Guy's employer, Software AG, has an unusual distinction: it has been in the business of providing integration software for a shade over 50 years. Few software companies last that long without looking to be acquired.
Guy pointed to the example of Dollar Shave Club — since acquired by Unilever — which was offering razors direct for as little as US$1 a month. "Even Lego are considering offering a rental service for its toy bricks," he added.
He predicted that successful retailers would build ecosystems by speeding up the use of value-adding partners who could supplement their products with a unique service. They would then add new channels for selling their products.

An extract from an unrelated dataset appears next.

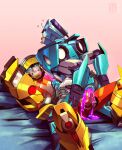 absurd_res autobot blue_eyes blurr_(transformers) blush bodily_fluids cowgirl_position cum cum_on_face cumshot cybertronian duo ejaculation erection female female_penetrated from_front_position genital_fluids genitals hasbro hi_res hotshot_(transformers) humanoid leaking_cum living_machine machine male male/female male/male male_penetrated male_penetrating male_penetrating_female metallic_body not_furry on_bottom on_top penetration robot sex skerzzz takara_tomy tongue tongue_out transformers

"Technology will sit at the top table organisation-wise in the New Year, after years of underestimating the importance of IT in enabling new digital business models," Guy predicted.
"Technology leadership will start to bring innovation to the rest of the business, as visionary CIOs contribute new ideas. Retailers will need a flexible IT architecture and approach to support this."
His final prediction was that environmental responsibility would serve as a point of difference for retailers.
"An increased focus on the environment informs consumer choices and retailers will respond accordingly. Amazon has ordered an electric fleet of vehicles in response to concerns over its supply chain’s carbon footprint," he pointed out.
"We have seen retailers discontinue plastic cotton wool buds and plastic straws due to concerns about littering the ocean. Smart retailers will see technology as a tool to help. This could be either an IoT or real-time AI response to supply chain issues, improving data visibility that drives decisions or using process mining to understand and eliminate delays that have an adverse environmental impact."